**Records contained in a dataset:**
------
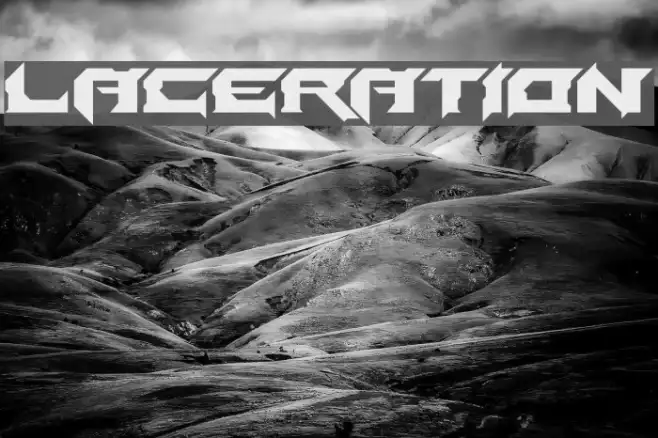 Laceration Example 3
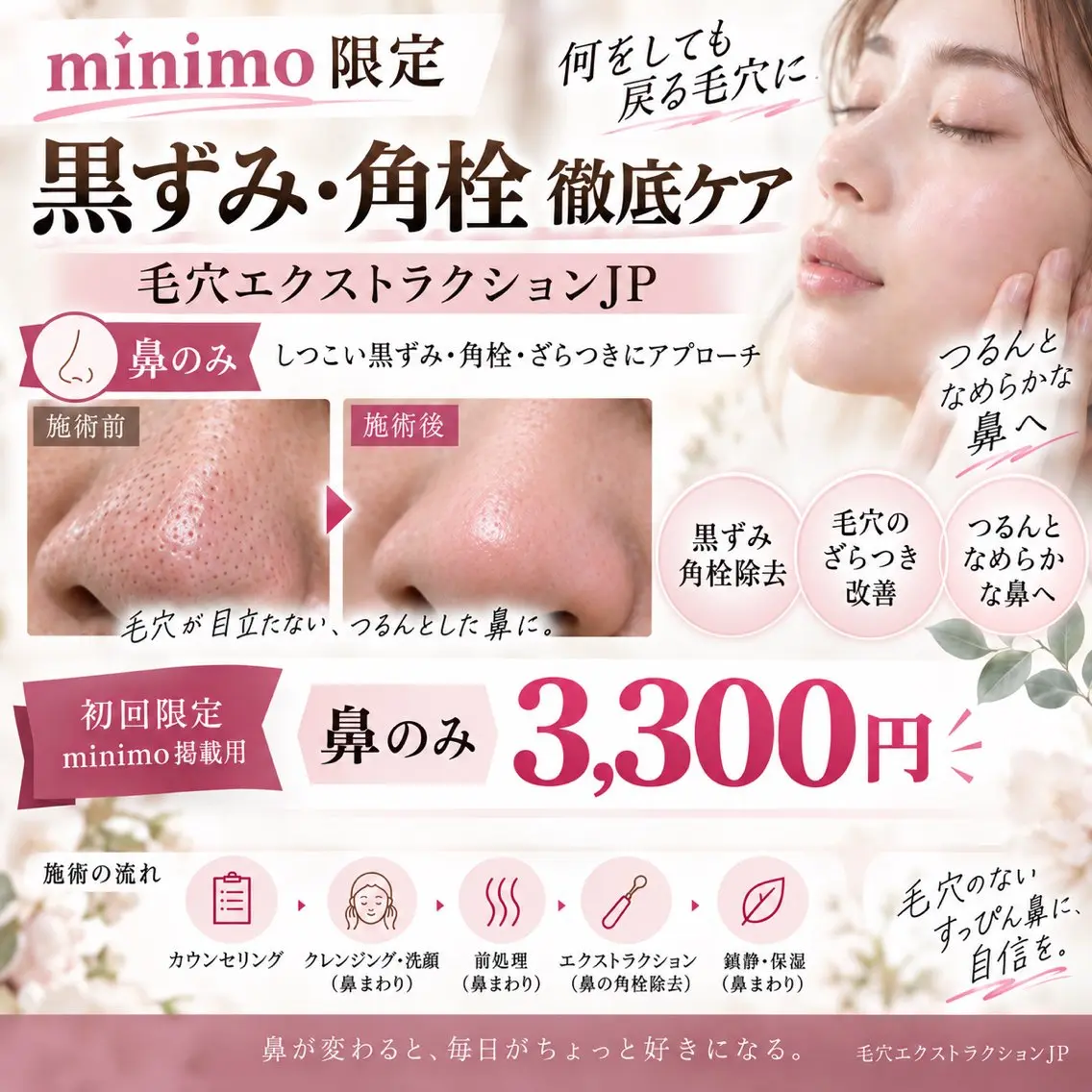 鼻のみ毛穴エクストラクションの写真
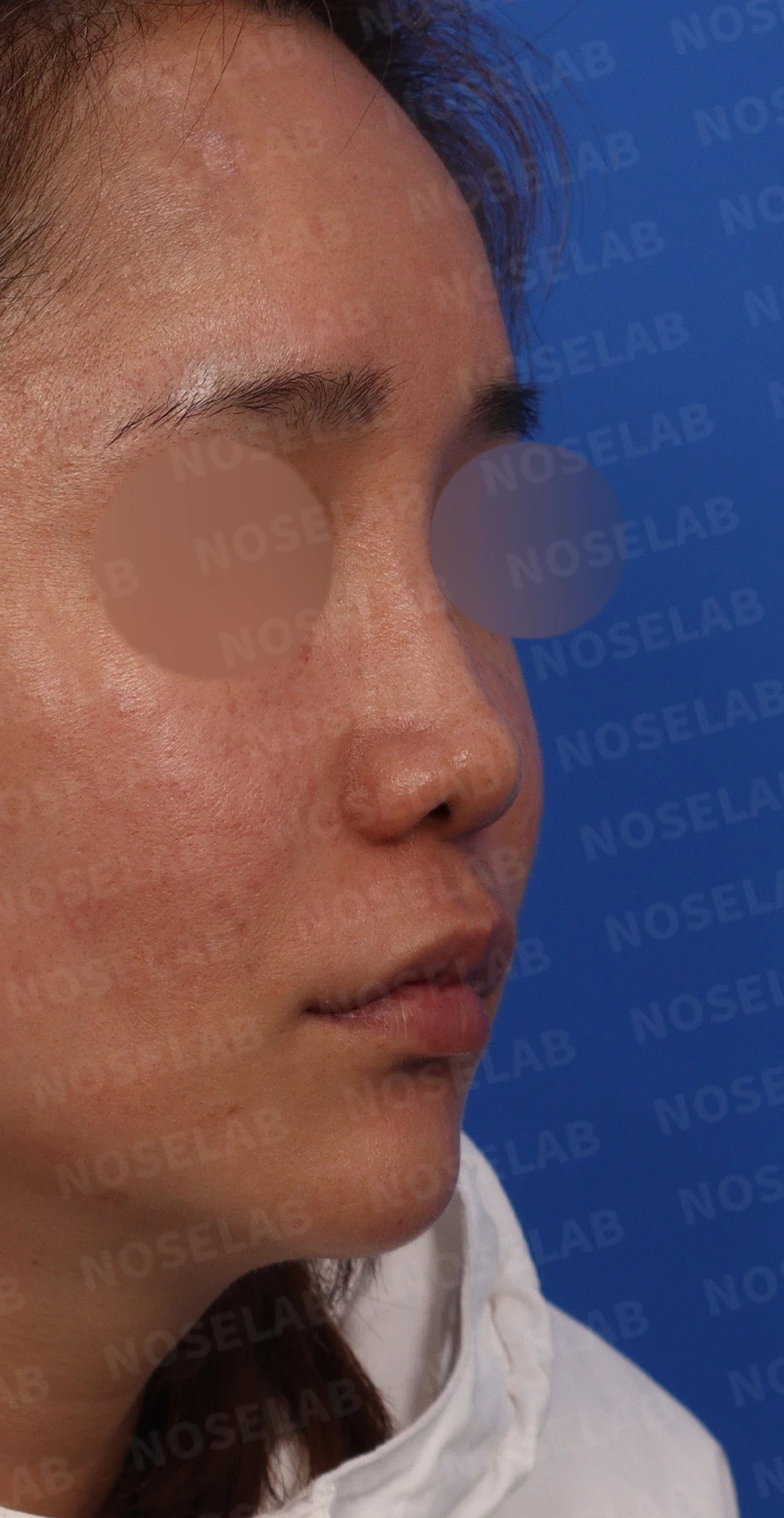 코에 주입된 칼슘필러의 제거와 재건 방법 — 콧대의 휘어짐이 더욱 두드러짐 코끝의 낮음이 확연히 보임 콧구멍 사진:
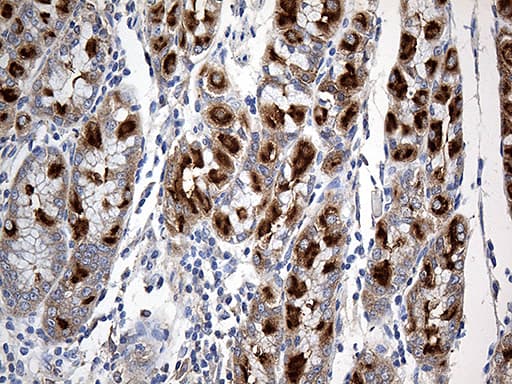 SLC9A1BP / CHP Antibody (clone OTI3H3)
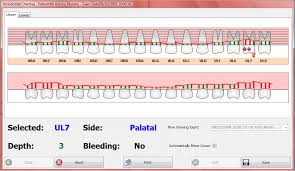 Perio Charting Shire Dental System Software For Uk Dental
------
**Work to be completed:** Retype the records above exactly, pictures omitted.

**Task solution:**
 Laceration Example 3
 鼻のみ毛穴エクストラクションの写真
 코에 주입된 칼슘필러의 제거와 재건 방법 — 콧대의 휘어짐이 더욱 두드러짐 코끝의 낮음이 확연히 보임 콧구멍 사진:
 SLC9A1BP / CHP Antibody (clone OTI3H3)
 Perio Charting Shire Dental System Software For Uk Dental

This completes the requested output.